** Work item **
Copy out the whole listing exactly as given. Skip the pictures.

___ Available data ___

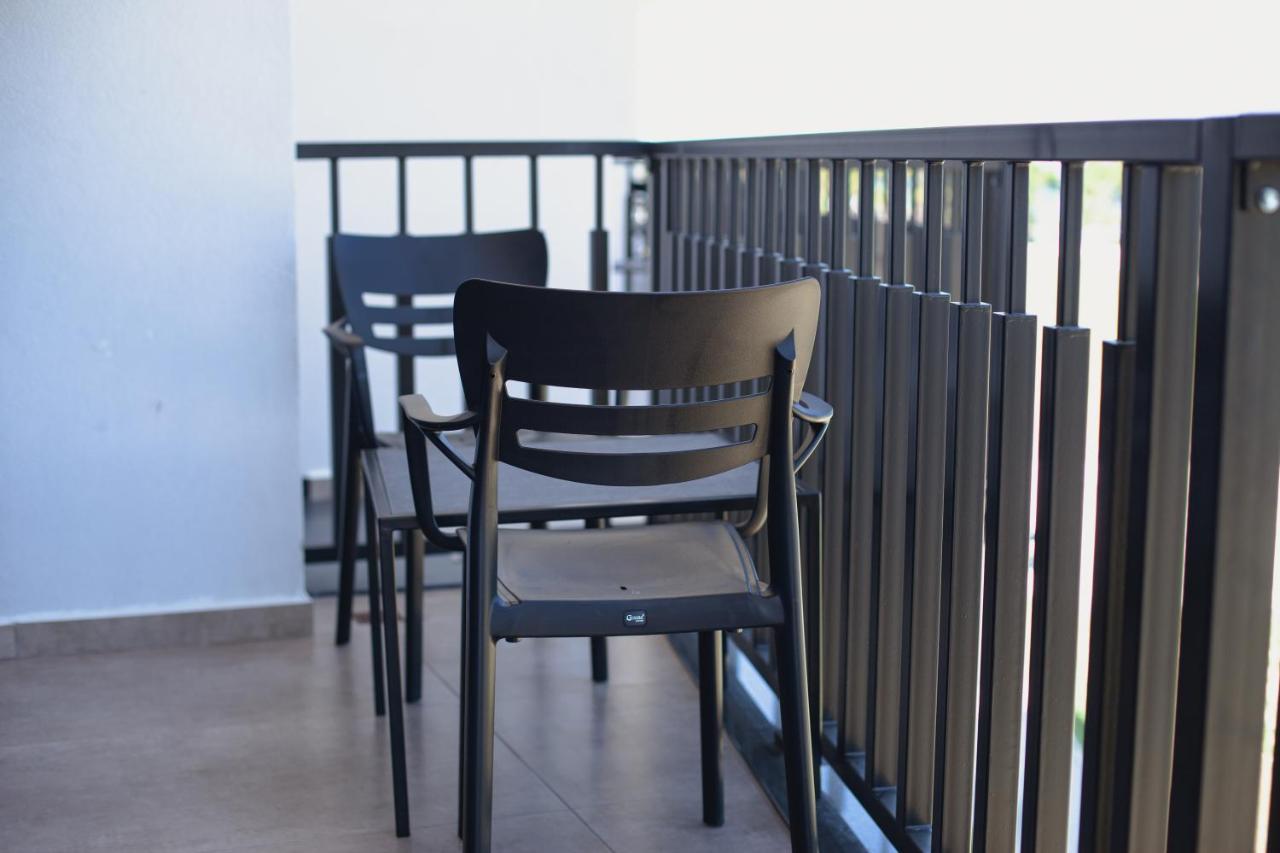 Posh Villas Rrogozhine ภายนอก รูปภาพ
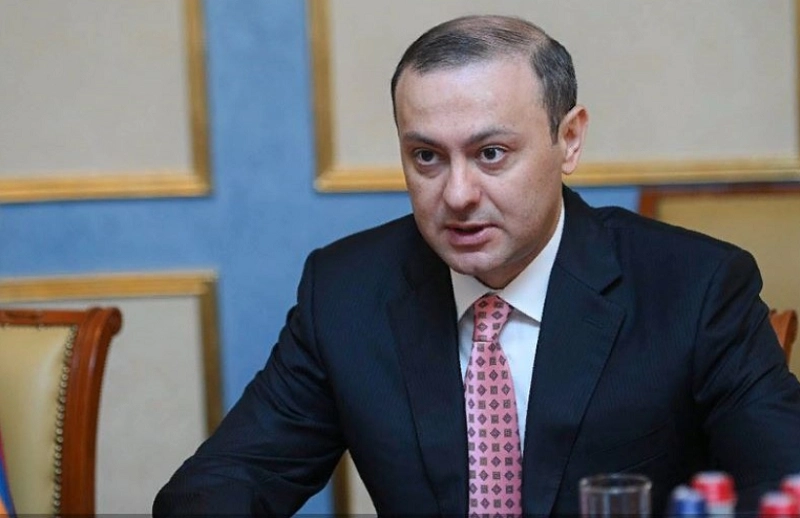 რუსეთი სომხეთს აიძულებს დერეფანი გაუხსნას აზერბაიჯანს და შეუერთდეს რუსეთ-ბელარუსის სამოკავშირეო სახელმწიფოს - სომხეთის უსაფრთხოების საბჭოს მდივანი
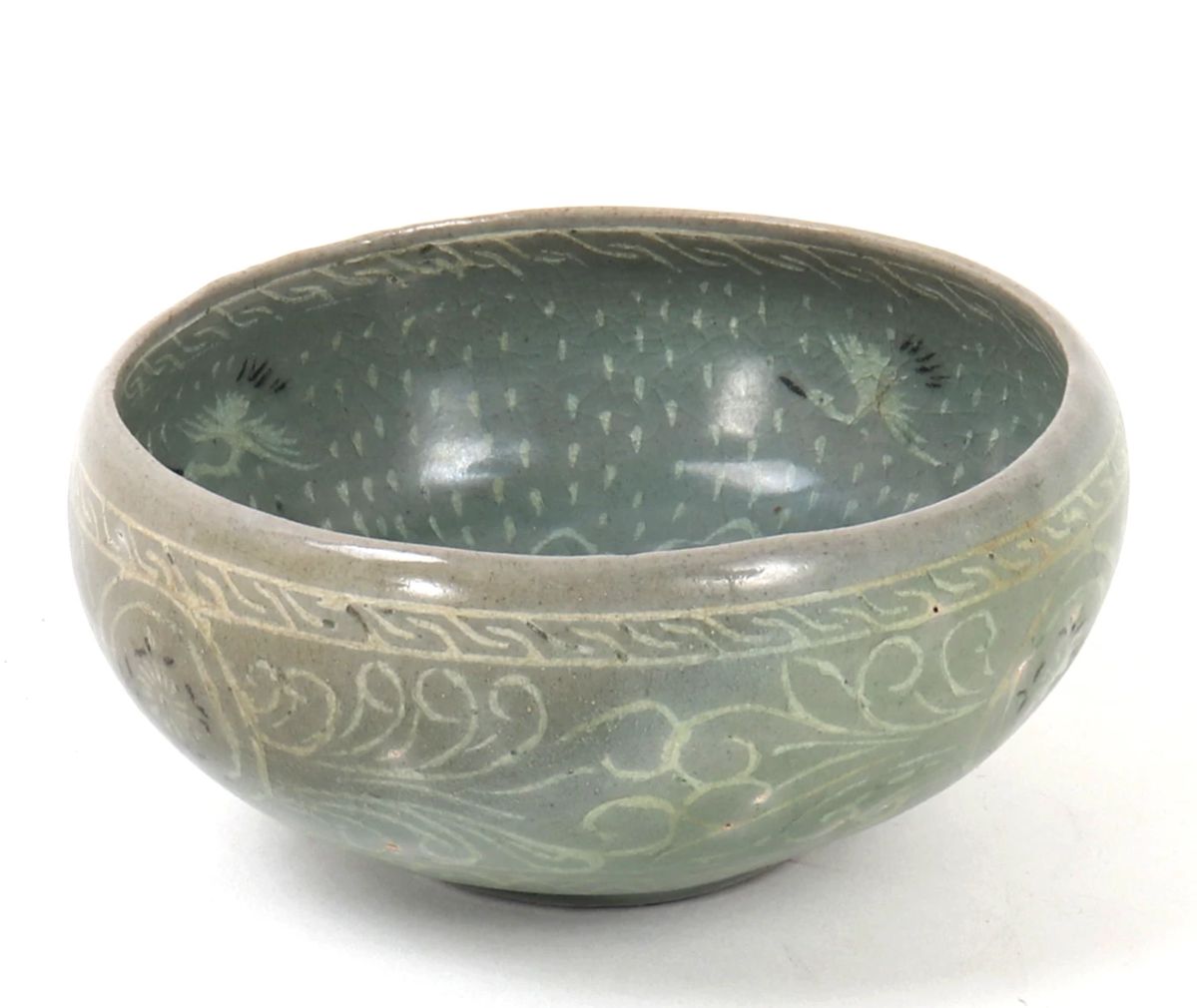 Lot 5 Gorgeous Early Korean Celadon Crackle Glazed Bowl, Cranes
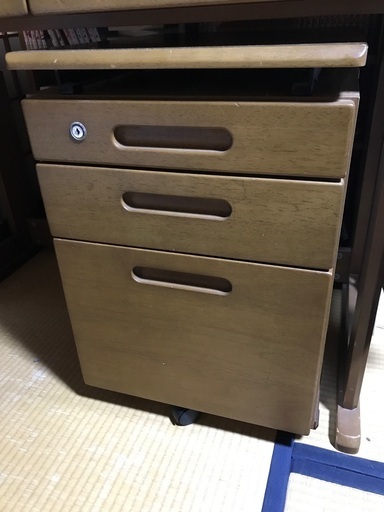 サイドテーブル　イトーキ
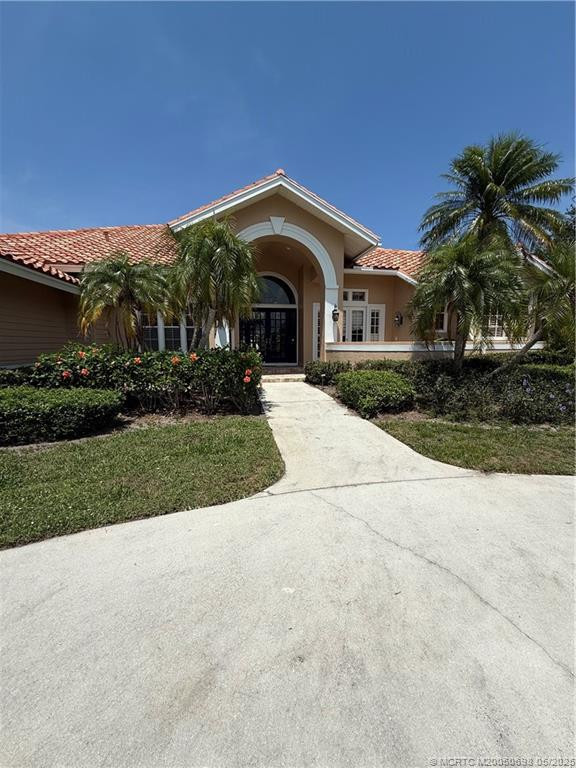 4 bedroom Single Family Residence at 2175 SW Forest Hills Lane, Crane Creek Racquet Club All Ph, Palm City — photo 1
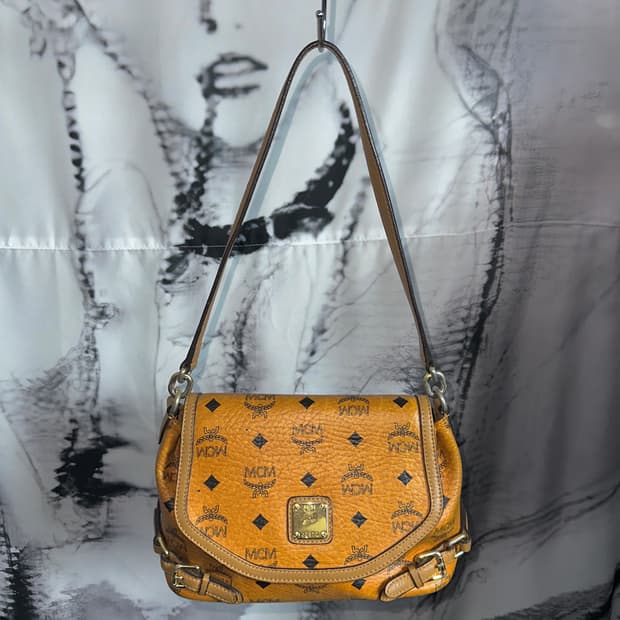 MCM 로고 숄더백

___

** Task solution **
 Posh Villas Rrogozhine ภายนอก รูปภาพ
 რუსეთი სომხეთს აიძულებს დერეფანი გაუხსნას აზერბაიჯანს და შეუერთდეს რუსეთ-ბელარუსის სამოკავშირეო სახელმწიფოს - სომხეთის უსაფრთხოების საბჭოს მდივანი
 Lot 5 Gorgeous Early Korean Celadon Crackle Glazed Bowl, Cranes
 サイドテーブル　イトーキ
 4 bedroom Single Family Residence at 2175 SW Forest Hills Lane, Crane Creek Racquet Club All Ph, Palm City — photo 1
 MCM 로고 숄더백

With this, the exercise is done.